Vladimir Putin, Donald Trump'ın yeniden ABD Başkanı olmasından memnun ama bu memnuniyeti açık bir zafer havasına çevirmemeye dikkat ediyor. Her hamlesini dikkatle seçiyor. Zira bu yeni dönem, Rusya için sadece askeri değil diplomatik ve psikolojik üstünlük savaşı anlamına da geliyor.
Vladimir Putin, Donald Trump'ın ABD başkanlığına dönüşünü memnuniyetle karşılasa da bu memnuniyeti aleni bir şekilde dillendirmemeye çalıştı. Ancak iki lider de açık bir şekilde Ukrayna'daki savaşa çözüm bulma yönünde niyetlerini yinelediler.
Trump'ın "24 saatte savaşı bitirme" sloganı hayal oldu ve görünen o ki; iki lider perde arkasında daha büyük hesaplamalar yapıyor.
Putin ABD'nin Ukrayna'ya desteğini zayıflatmak, hatta tamamen sonlandırmak için görüşmeleri ağırdan alırken diplomatik ve psikolojik üstünlüğü elde etmeye çalışıyor.
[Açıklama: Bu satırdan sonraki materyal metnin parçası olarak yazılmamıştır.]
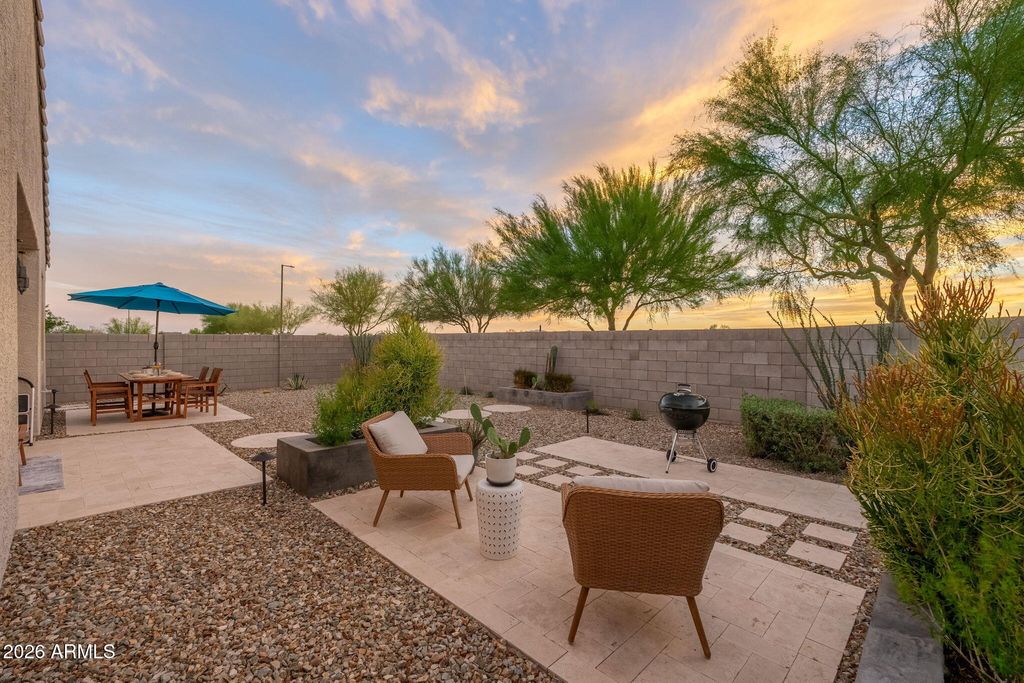 Photo of 26440 N Thornhill Drive, Peoria, AZ 85383 (MLS # 7018073)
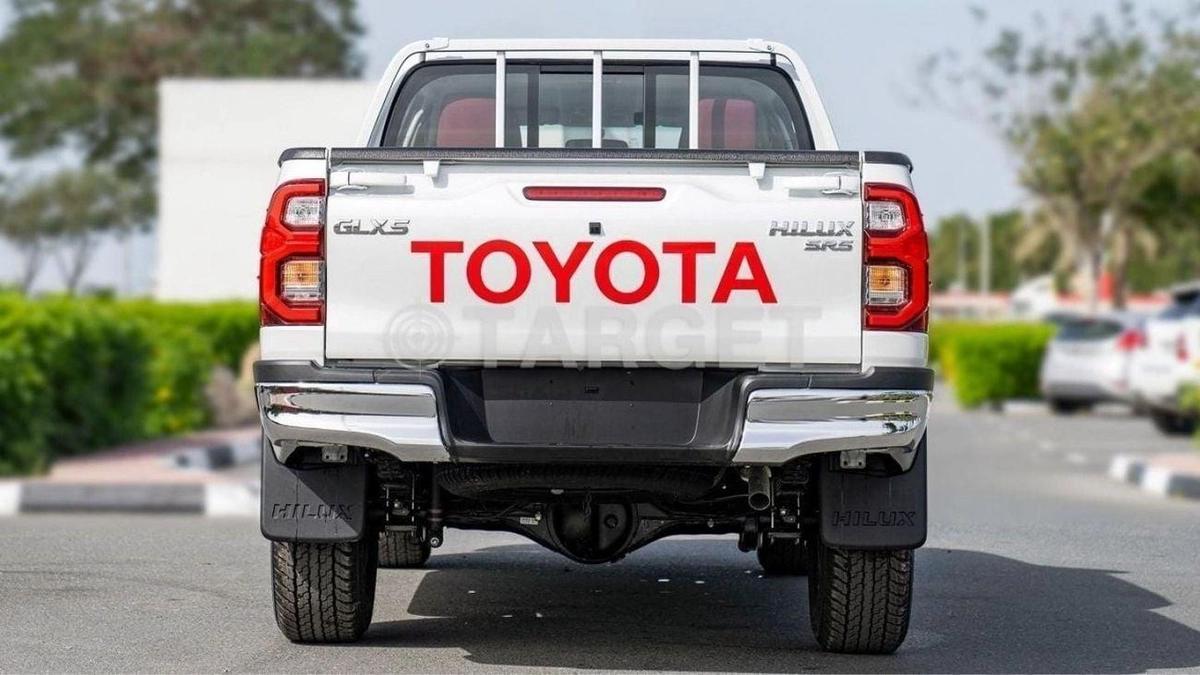Toyota Hilux Toyota Hilux 2.7L petrol automatic MY 2026-3-3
Trump ise süreci ABD'nin lehine ekonomik bir zafere çevirebilmek için hem Ukrayna ile yeraltı kaynakları üzerinden bir anlaşma yapmaya hem de Avrupa'yı sıkıştırmaya çalışıyor.
Ayrıca Trump artık Birleşmiş Milletler kararlarında Rusya'nın yanında oy veriyor. Zelenskiy'i sert biçimde eleştiriyor ve Kremlin için bunlar, sadece söz değil; psikolojik savaşta kazanılmış büyük mevziler olarak kabul ediliyor.
Trump Batı'da Ukrayna'ya yapılan yardımı sorgulayan neredeyse tek lider ve bu da, Kremlin için altın değerinde.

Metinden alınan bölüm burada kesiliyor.